My mechanic told me that Ford Focus Station Wagon 2003 has a leak in the power steering reservoir and in the line. I’m currently on a road trip, and have just been topping off the power steering fluid whenever it got low. That’s been working fine. However, I recently misplaced the fluid my mechanic gave me (unfortunately, I don’t remember what kind) and bought prestone atf stop leak from walmart. Drove a while, the grinding noise came back. I popped the hood and when I checked the reservoir, bubbly, dark grey liquid overflowed out of the top. I wiped it off, but now I’m wondering what happened and what the next step is. Somehow air got in – should I have flushed out the system before putting new liquid in? I’m on the road, so not able to jack it up personally and also not willing to go to an auto mechanic unless I really need to, but I think I need to flush it out. Has anyone experimented with flushing out the system with a turkey baster?

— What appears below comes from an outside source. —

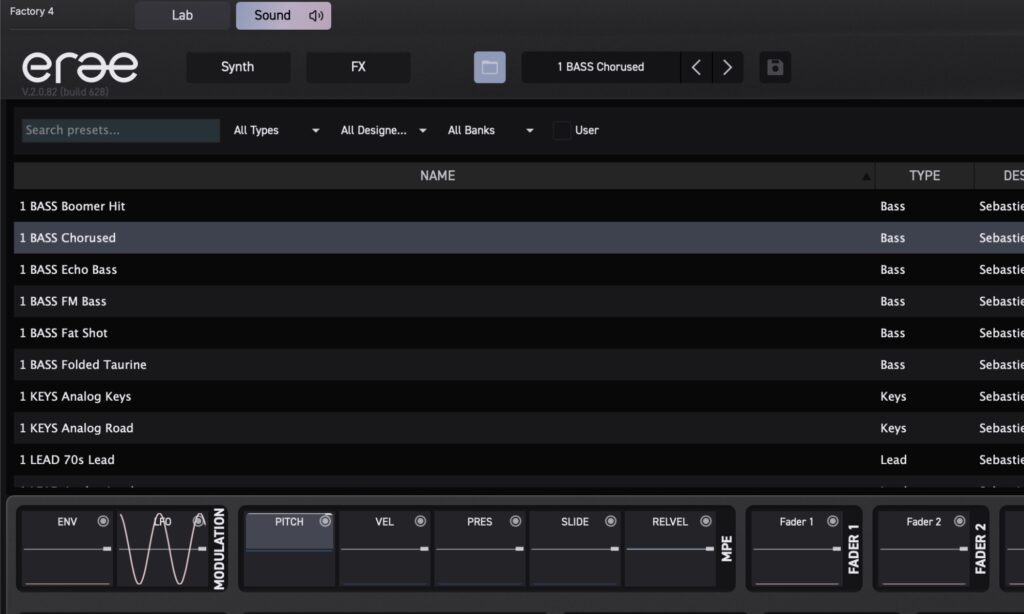 Embodme Erae Sound: Presets.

Any insight is appreciated! Thanks.
When the fluid gets low air will get whipped into the fluid and what you saw was the result. After filling with fluid and leaving the car parked for a while the air bubbles will clear out and you’ll be ok until it runs low again. While I’ve never seen stop leak actually stop a power steering leak on any kind of car it has occasionally slowed the leak considerably without harming anything so no need to get it out.
Assume you mean this (not atf):
I have known some Ford P/S pumps to whine when using cheapy P/S fluids. And I. personally, would not recommend using the stop leak any more. You tried it, it either will work or it won’t. Don’t add anymore. Keep topping off until the leak gets to bad to continue, or you get to somewhere where it can be replaced.
(This is assuming the the Focus does not have a hydraulic brake booster- which I do not think it does. if it does have a hydraulic brake booster, loss of P/S fluid will hinder your stopping ability.)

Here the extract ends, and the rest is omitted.